Top adoption form questions
- What’s your contact information
- What size animal do you want to adopt
- What are a few breeds you’d like to adopt
- What’s your living situation
- Are there any specific characteristics that you’re looking for in an animal
- Are you comfortable handling a pet that may potentially be destructive or aggressive
- Have you checked with your landlord
- How much are you willing to spend on adoption fees and supplies
- Can you afford to pay for any needed vet care if your new pet gets sick
- What other animals do you have at home
- How much time are you willing to spend exercising with your new pet
- If all else fails, are you prepared to deal with the emotional stress of returning a pet
Animals feel love. Dogs will stare at you with big watery eyes for hours. Cats always want to be with you, in your lap, on your keyboard, perched on the back of your chair. Well, some cats do anyway.
These thinking, feeling creatures deserve only the best from the humans who’ve domesticated them. As a person who works at an animal shelter, you’ve been on the front lines. You’ve seen the best and the worst in people.
So naturally, you want to do everything you can to make sure that every animal goes to the best home possible. One way to achieve that goal is to develop a thorough adoption application. Check out this list of adoption form questions you should include and what makes them important:
- What’s your contact information? This one is pretty obvious, but it’s still necessary. Answers should include name, address, telephone number, and email address.
- What size animal do you want to adopt (large, small, etc.)? Some people love big dogs and want something like a Lab or a Newfoundland, but it’s important to educate them on how much more difficult a big dog is to care for than a small dog. Wiping the feet of a muddy Chihuahua takes a minute, but cleaning up a golden retriever after a walk on a rainy day could take 20 minutes or longer.
- What are a few breeds you’d like to adopt (Labrador retriever, Siamese cat, etc.)?
It’s great when people go to a shelter for a new pet instead of visiting a pet store. But some people will have unreasonable expectations about what they’re likely to find at a shelter. It’s a good idea to set reasonable expectations early on. A person might want to walk out with a Kurilian Bobtail, but it won’t love them any more than a tabby.
- What’s your living situation? (Do you have a yard, live in an apartment, etc.?)
This can help ensure no one in a third-floor studio apartment adopts a dog that needs a lot of exercise.
- Are there any specific characteristics that you’re looking for in an animal (friendly disposition, hypoallergenic coat, low shedding coat)? Once again, a shelter isn’t the place to order up your ideal pet. Every animal needs a loving home, but someone with less experience training an animal shouldn’t be expected to work with a fearful dog that guards food. This question can help you set expectations, but don’t forget to be understanding.
- Are you comfortable handling a pet that may potentially be destructive or aggressive due to a lack of socialization or training? This relates to the last question. Make sure that an adopter is well suited to the animal’s disposition. On top of that, make sure that they’re not looking for an aggressive dog to chain up in the backyard for security.

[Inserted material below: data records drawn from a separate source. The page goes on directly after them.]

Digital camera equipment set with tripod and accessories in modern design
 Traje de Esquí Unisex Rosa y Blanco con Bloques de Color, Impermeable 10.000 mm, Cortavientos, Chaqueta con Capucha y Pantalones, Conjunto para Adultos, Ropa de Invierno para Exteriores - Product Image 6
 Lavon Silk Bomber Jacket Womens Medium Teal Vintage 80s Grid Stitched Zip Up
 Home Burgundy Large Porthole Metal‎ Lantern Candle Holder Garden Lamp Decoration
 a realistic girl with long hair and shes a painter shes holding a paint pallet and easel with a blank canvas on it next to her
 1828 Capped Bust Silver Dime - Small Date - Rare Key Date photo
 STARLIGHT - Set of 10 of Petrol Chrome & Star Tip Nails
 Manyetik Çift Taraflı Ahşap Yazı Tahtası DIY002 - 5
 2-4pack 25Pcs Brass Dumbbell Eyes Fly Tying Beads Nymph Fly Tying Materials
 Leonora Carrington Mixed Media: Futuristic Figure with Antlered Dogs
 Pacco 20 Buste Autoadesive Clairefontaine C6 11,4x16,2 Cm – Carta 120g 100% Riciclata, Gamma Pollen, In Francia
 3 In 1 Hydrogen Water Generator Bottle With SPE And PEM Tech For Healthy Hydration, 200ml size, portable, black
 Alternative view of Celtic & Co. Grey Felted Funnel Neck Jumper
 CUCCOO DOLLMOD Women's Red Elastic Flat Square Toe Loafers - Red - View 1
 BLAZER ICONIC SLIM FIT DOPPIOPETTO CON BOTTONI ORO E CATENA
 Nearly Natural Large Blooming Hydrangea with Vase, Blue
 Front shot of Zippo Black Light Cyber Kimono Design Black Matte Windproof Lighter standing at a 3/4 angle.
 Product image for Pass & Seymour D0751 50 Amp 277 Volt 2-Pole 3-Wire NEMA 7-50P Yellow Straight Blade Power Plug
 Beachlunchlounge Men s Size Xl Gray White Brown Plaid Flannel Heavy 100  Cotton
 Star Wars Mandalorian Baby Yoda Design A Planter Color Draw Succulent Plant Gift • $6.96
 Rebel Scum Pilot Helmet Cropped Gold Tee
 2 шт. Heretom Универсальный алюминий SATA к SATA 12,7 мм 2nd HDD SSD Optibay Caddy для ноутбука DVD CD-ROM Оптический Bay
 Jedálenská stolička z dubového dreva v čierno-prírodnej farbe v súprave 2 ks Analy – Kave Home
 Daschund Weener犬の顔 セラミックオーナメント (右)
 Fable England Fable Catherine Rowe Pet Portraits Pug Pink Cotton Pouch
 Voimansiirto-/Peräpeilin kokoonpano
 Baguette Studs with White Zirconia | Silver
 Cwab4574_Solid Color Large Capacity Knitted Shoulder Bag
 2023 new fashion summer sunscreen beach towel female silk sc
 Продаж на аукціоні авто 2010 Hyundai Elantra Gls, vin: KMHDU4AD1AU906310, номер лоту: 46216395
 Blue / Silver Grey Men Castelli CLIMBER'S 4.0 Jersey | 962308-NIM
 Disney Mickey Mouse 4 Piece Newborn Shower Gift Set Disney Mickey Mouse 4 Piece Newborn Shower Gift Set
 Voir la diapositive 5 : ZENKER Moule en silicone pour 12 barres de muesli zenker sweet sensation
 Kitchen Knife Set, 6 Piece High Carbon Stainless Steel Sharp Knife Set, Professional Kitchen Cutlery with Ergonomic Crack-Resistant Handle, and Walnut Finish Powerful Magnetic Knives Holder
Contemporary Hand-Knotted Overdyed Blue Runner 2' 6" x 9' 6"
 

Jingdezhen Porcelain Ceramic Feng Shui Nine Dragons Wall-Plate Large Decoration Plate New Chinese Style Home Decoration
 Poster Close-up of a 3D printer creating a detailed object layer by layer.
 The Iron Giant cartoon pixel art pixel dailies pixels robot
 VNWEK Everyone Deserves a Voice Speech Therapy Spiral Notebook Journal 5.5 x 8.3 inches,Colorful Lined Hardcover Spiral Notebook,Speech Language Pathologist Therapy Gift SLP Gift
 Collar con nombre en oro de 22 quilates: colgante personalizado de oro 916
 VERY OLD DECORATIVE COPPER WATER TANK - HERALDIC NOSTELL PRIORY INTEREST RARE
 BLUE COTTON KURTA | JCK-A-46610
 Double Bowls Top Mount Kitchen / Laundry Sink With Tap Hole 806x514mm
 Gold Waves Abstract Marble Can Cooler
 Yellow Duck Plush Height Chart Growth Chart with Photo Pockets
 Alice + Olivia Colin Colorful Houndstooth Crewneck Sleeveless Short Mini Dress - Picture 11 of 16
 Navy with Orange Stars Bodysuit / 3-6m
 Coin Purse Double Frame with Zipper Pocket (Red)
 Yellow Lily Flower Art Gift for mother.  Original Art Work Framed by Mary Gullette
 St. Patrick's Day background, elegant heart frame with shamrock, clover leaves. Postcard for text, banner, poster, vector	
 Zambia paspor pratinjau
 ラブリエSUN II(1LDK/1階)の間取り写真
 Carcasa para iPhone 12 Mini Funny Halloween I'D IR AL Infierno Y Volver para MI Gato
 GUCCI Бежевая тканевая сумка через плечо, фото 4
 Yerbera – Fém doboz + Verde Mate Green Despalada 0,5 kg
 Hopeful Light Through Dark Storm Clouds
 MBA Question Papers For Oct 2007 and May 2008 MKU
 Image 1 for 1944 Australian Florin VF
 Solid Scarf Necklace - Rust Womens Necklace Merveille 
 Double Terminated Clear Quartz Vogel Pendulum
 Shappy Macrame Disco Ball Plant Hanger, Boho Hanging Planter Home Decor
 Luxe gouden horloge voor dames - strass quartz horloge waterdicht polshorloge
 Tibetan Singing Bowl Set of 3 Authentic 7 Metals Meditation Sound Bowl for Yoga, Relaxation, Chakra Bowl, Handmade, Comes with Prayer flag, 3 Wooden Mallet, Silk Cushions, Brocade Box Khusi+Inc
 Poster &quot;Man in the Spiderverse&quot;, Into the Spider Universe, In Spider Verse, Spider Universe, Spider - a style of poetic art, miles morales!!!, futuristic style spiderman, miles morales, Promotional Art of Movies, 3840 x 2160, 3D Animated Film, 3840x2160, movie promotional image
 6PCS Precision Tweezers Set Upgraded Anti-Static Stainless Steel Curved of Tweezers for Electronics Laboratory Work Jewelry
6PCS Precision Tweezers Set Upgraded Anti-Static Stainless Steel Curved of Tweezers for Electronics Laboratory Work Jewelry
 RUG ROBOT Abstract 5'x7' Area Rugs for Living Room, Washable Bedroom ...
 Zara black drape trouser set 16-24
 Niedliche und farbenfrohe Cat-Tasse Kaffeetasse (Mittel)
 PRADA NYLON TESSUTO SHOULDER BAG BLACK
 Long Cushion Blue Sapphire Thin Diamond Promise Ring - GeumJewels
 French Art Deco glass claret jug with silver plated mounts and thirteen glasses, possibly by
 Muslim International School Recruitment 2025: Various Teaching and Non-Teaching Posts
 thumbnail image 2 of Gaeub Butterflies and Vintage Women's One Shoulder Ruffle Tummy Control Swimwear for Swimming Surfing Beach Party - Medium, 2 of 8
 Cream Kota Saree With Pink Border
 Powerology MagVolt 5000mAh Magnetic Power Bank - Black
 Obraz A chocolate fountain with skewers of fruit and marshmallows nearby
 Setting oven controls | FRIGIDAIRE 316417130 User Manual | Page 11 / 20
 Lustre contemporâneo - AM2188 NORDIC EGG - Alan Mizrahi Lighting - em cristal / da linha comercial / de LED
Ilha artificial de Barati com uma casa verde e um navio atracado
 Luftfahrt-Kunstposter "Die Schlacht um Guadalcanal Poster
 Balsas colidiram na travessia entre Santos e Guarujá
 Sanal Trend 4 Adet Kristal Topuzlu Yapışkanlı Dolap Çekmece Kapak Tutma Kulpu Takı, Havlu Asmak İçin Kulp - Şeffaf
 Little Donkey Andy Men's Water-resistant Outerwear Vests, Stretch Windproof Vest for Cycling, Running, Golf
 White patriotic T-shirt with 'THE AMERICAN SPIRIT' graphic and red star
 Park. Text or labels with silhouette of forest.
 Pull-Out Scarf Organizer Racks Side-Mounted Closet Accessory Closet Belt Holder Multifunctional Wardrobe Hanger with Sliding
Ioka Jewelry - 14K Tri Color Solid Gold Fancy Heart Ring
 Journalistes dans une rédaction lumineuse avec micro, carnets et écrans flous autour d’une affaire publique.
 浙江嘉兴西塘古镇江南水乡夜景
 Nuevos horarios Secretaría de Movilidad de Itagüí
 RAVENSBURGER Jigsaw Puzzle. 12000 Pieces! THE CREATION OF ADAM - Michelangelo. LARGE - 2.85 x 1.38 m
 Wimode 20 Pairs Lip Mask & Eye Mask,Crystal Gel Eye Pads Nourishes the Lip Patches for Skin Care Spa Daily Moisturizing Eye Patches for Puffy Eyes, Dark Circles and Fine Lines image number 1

- Have you checked with your landlord (if you’re a renter) to see if there are any restrictions on pet ownership and/or weight limits for animals allowed in the residence? This gives you the opportunity to tell potential adopters that landlords often charge a deposit and sometimes even pet rent as well.
- How much are you willing to spend on adoption fees and supplies, such as food, toys, and a carrier or crate for transport? As you know, the costs to walk out of the adoption center are only the beginning. Potential new pet owners need to know that adopting an animal is a long-time financial commitment.
- Can you afford to pay for any needed vet care if your new pet gets sick or injured? This is similar to the last question. Vet bills can become astronomical, especially if you don’t have pet insurance. Pet owners need to know that accidents can happen at any time, so they have to be ready for them.
- What other animals do you have at home?
Despite all the cute videos on TikTok, cats and dogs don’t always get along well with each other. Heck, some dogs don’t even get on well with other dogs. That’s doubly true for cats. It’s a good idea to schedule a few meetings to make sure everyone gets along.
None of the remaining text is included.